*Task objective*. Reproduce all of the records word for word, omitting the pictures.
Start of Task material
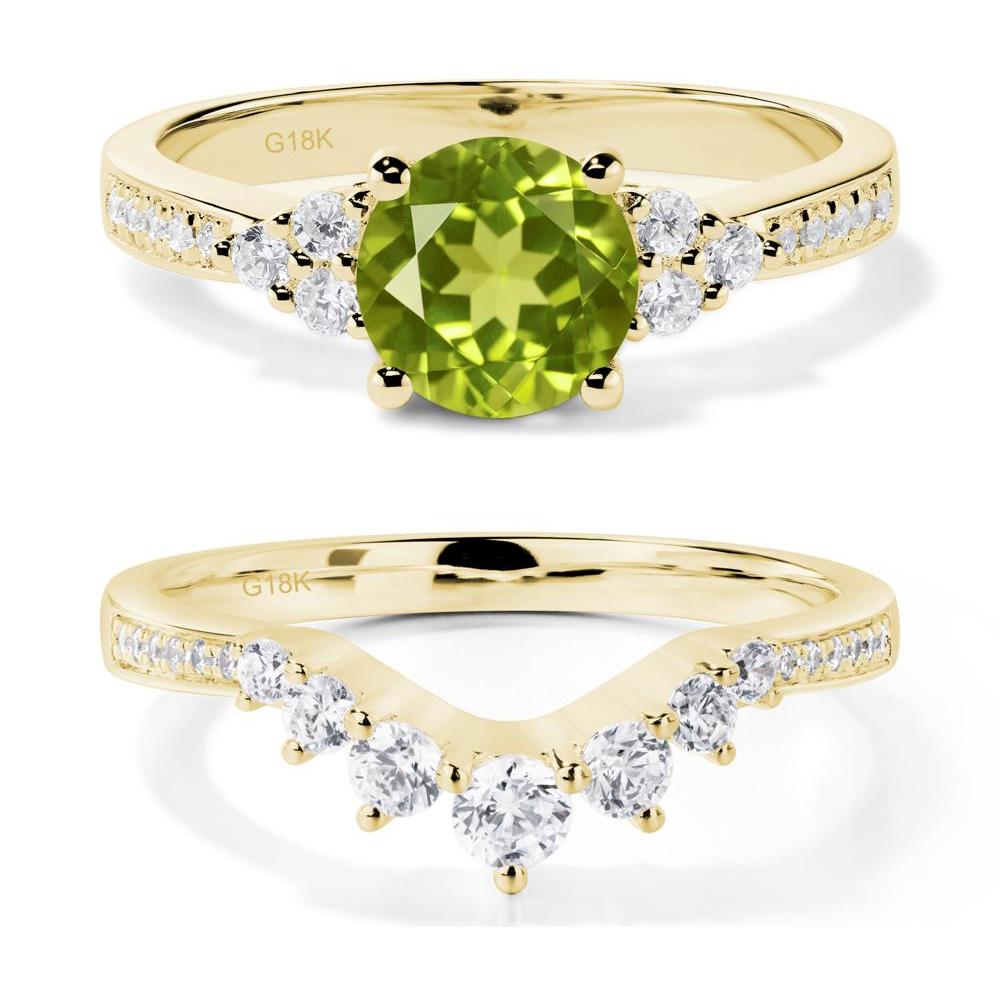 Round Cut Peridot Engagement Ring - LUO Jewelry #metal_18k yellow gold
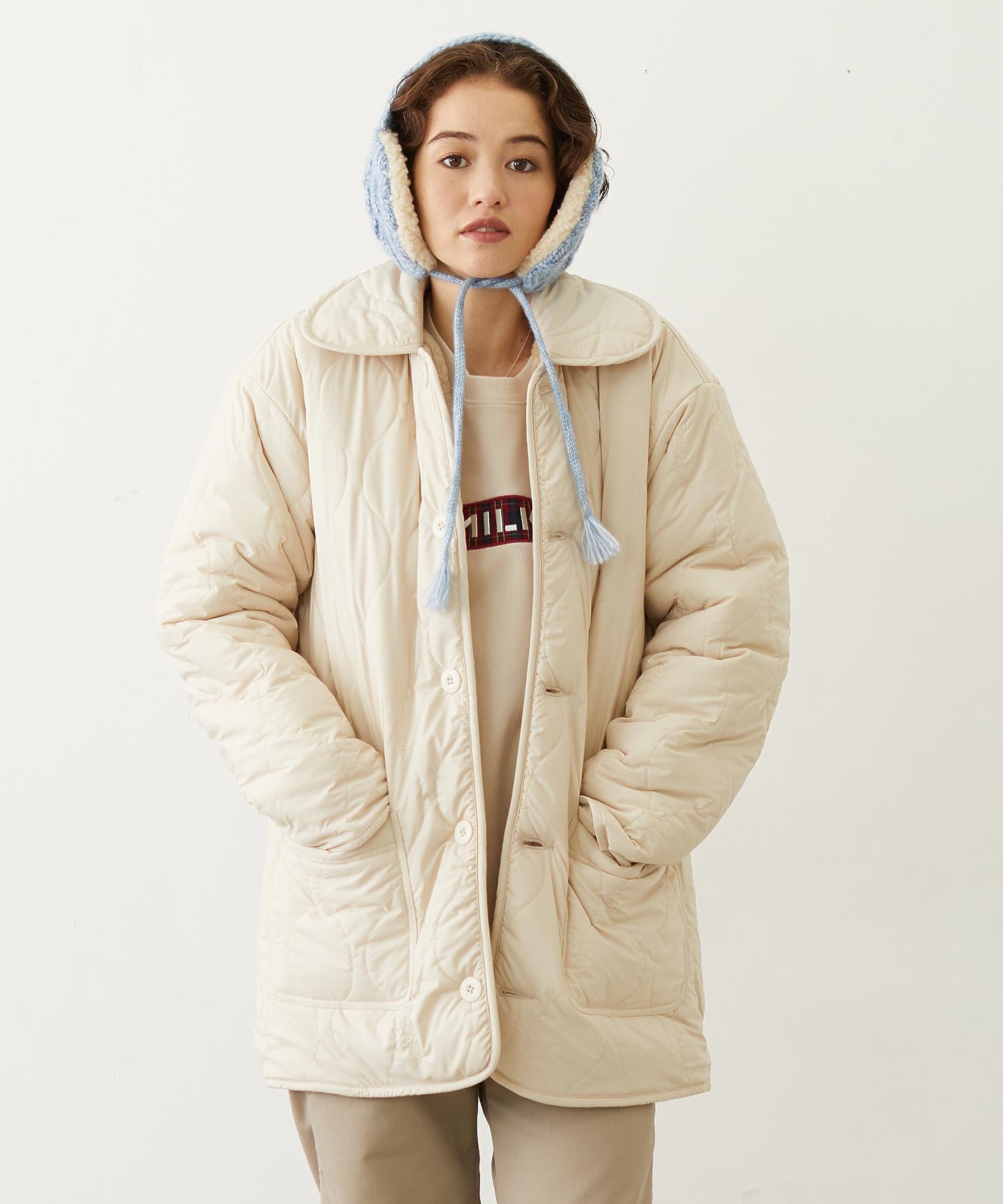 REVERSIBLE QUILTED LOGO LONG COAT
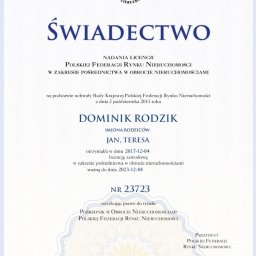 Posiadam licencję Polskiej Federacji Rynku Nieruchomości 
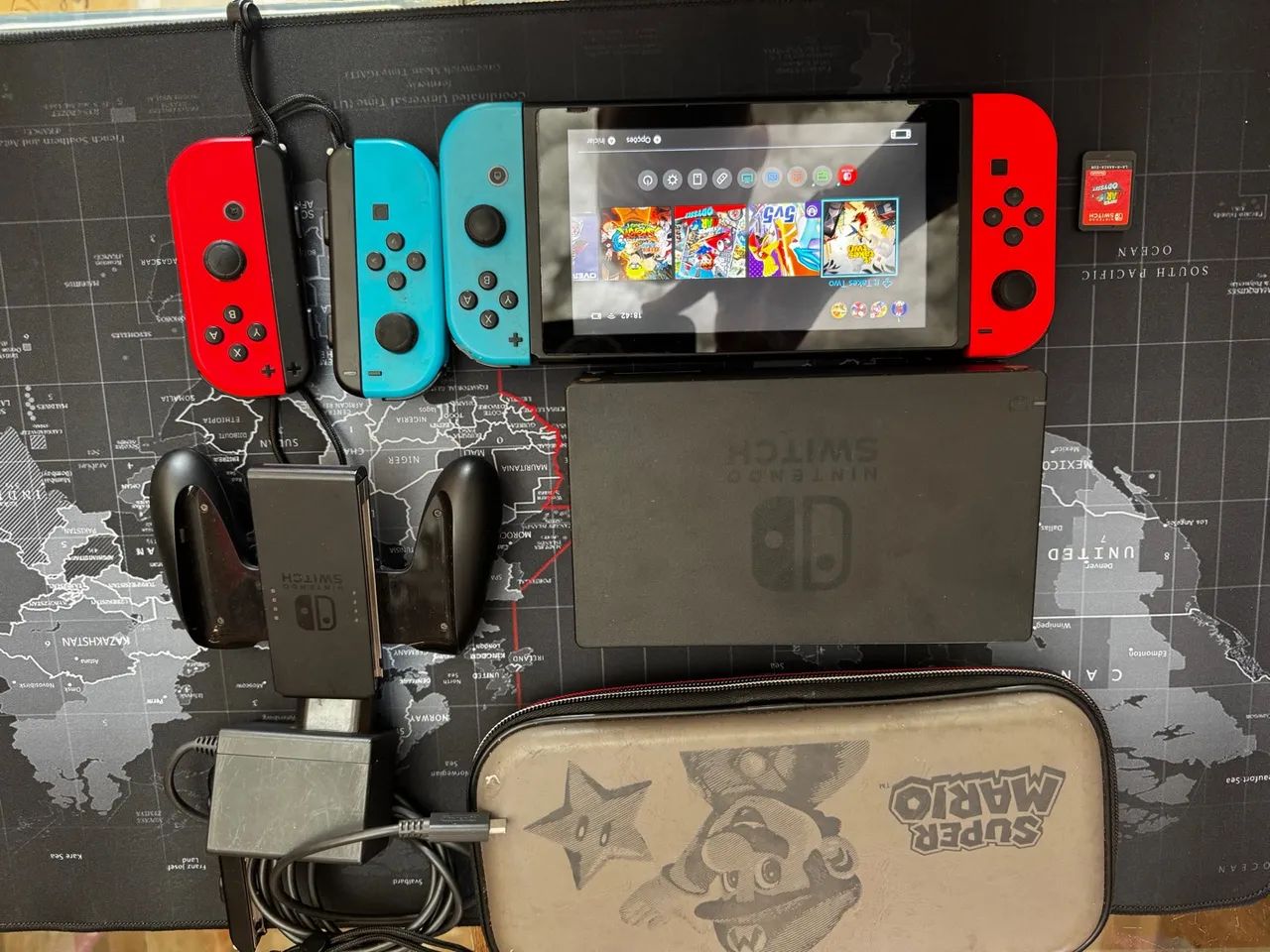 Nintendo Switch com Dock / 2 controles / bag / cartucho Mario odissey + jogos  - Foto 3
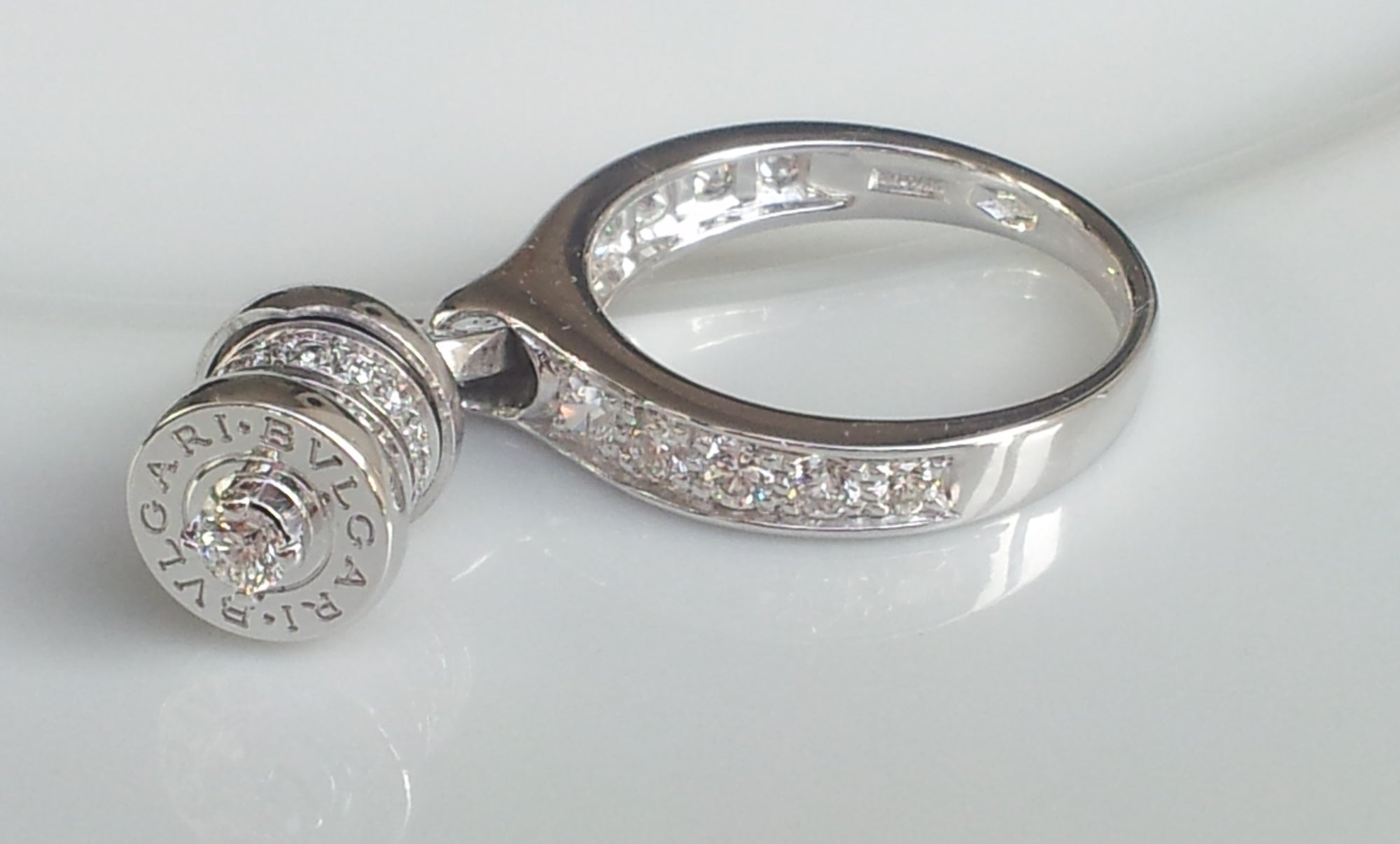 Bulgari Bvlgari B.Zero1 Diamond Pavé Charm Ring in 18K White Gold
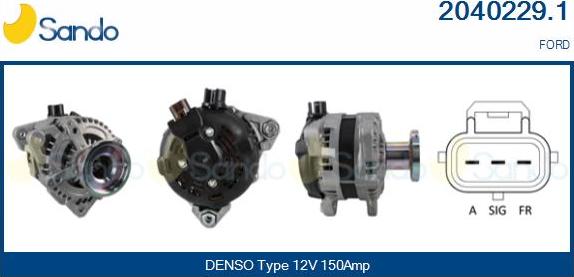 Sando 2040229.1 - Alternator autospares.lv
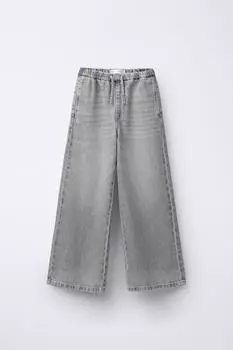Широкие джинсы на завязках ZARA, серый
End of Task material
*Task answer*.
 Round Cut Peridot Engagement Ring - LUO Jewelry #metal_18k yellow gold
 REVERSIBLE QUILTED LOGO LONG COAT
 Posiadam licencję Polskiej Federacji Rynku Nieruchomości 
 Nintendo Switch com Dock / 2 controles / bag / cartucho Mario odissey + jogos  - Foto 3
 Bulgari Bvlgari B.Zero1 Diamond Pavé Charm Ring in 18K White Gold
 Sando 2040229.1 - Alternator autospares.lv
Широкие джинсы на завязках ZARA, серый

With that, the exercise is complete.